Date: Nov 11 2014
With toy catalogues in the mailbox and Thanksgiving right around the corner, I’ve been finding myself thinking a lot lately about the gifts we give to our children and which ones they end up being truly thankful for when they are older.
I recently had the opportunity to hear a lot about this topic in discussions I had with real-life grounded and successful inheritors (for my book Raised Healthy, Wealthy & Wise.) What I learned from the inheritors I spoke with is that the gifts they appreciated the most in hindsight were not ones that they were thankful for (or even happy with!) at the time.
What children tend to like in the moment is when parents say yes – yes to everything from more ice cream to not having to make their bed to being able to hang out over the summer instead of getting a job.

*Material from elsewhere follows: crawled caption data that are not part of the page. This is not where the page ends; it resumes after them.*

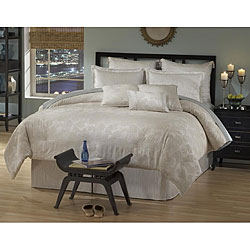 Cascade 9- or 11-piece Deluxe Bedding Ensemble
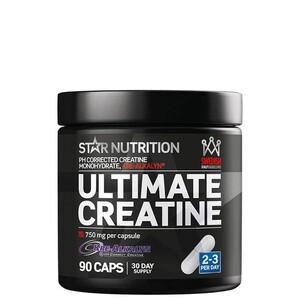 Star Nutrition Ultimate Creatine caps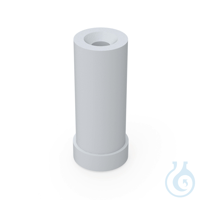 b.safe Suction Filter, 20 µm, Ø 9 x 21 mm (PU=10 pcs.) porous PE, pore size: 20  b.safe Suction...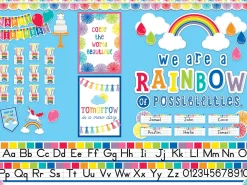 Hello Sunshine Bulletin Board Set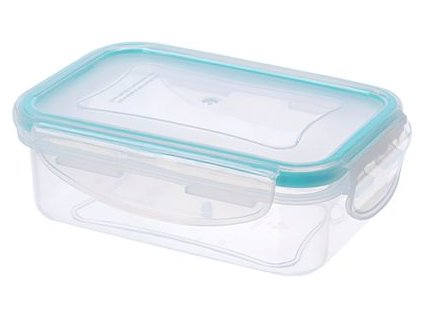 Dóza MagicHome Lunchbox E805 0,50 lit, obdĺžniková, Clip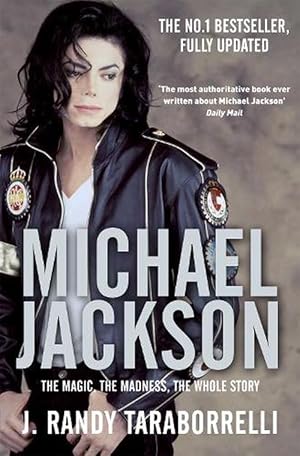 Seller image for Michael Jackson (Paperback) for sale by AussieBookSeller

But what the now grown children I spoke with most appreciated upon reflection is when their parents said no. When they set limits, held them accountable, allowed them to take responsibility for their own mistakes (rather than swooping in and rescuing them), and allowed them to strive for their own success.

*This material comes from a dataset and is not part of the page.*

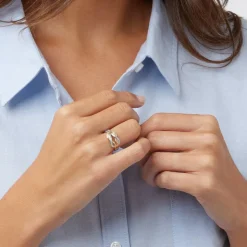 Herakles Knot Ring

Of course, saying no as a parent is never fun. We all want to help our children. But the question these interviews inspired me to think about was “help them do what?” Help them get whatever it is they want in the here and now, or help them become emotionally and financially self-sufficient and thriving over the long-term? Put this way, a lot of the “no”s that the inheritors I spoke with heard in their childhoods were actually “yes”s in the long-term. Their parents were saying yes to the long-term goal of helping their children become financially and emotionally self-sufficient.
So when we think about what to give our children not just this holiday season but throughout this next year, let’s think about giving them a few more of those “no”s that are “yes”s in disguise. We can know that we are helping our children and we can even hope that they might one day (maybe in 15 years!) be able to appreciate it.